We are at count number four and there is a zero going over here. To go to five, we need to go to one zero one. Now in order to do that, this has to remain the same and since this is a zero from QC, this will not toggle, but this will always toggle because of the fact that we have the ones here. That will give us five, so that would be one zero one.

The next one, let's see where we are at. One zero one - then the one from QC goes over to our J and our K inputs here on the next pulse. QB will toggle because of that, QC will also toggle but they're just going to Flip Flop. We are at one zero one. Then we will be at one one zero. Again we are at one, now we are at ... Let's see, we have to find a place to write. I guess we'll write then down here. We are one one zero that gives us our count of six. Since we are at zero here, on the next count, this will not toggle because there are zeros on the B. C will always toggle, so then we will have one one one.

The next one is a critical count because we have to go from one and effectively re-reset to zero. Now the way this is going to occur, notice this one will always toggle, so it will go to zero. Notice we have the one going over here to this, so this one is going to toggle. Since we have the one here and the one here on the B and C outputs - the ?B and the ?C - again they are at that zero state that is the only state that causes this to be enabled so we have a one here. We have ones on all of the JK inputs and each of the states of the JKs are ones. On the next clock pulse, we will go to zero.

That is the basic theory of how a counter works. This is a synchronous counter. Now this particular image right here, this is a simulation of that particular circuit. Now you'll notice there is a lot more wires in it because we've got to the clears and sets have to be there and then we have added these little light bulbs for illumination. Now what you can do and I encourage you to do this. This is going to be a circuit, 1526 is to do the simulation and when you turn this one, you're going to see these lights illuminate and these lights will represent the counters.
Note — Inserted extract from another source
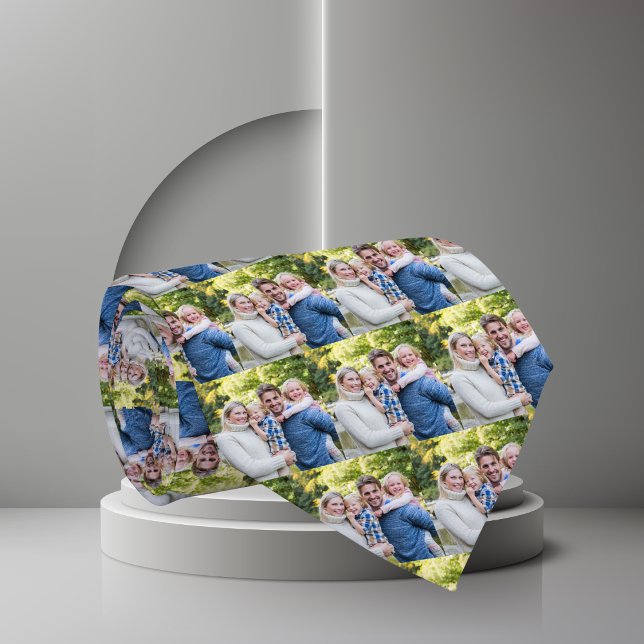 Personalised Christmas Family Photo  Tie (Creator Uploaded)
In fact when we started with this zero zero one and this and this and this, what you will see here is count five, because we have one zero one and you will be able to see a count. Now to see it ... It may be going very fast. What you might want to do is go in and click on this clock and set the frequency of the clock input down so then you can see them. I think it's set to 1,000. If you set it to 100, then you can see it count very methodically. Then this device over here lets point to it ... this is a logic analyzer and if in electronics work bench if you click on that, that will give you ... Do you want to see if we can go back to ... This is a part of that.

This graph right here will show you the various outputs and in fact, in your simulation, this third input is 0 and you will need to draw a connection here going down to here, so you can see actually the output of the C Flip Flop.

That pretty much wraps up the theory of this. If I can get the simulation to run on, I may add a little piece to this to show this in action. If that doesn't occur, in fact, I want you to do this anyway. I want you to go and look at this and simulate it yourself. That concludes our discussion on counters.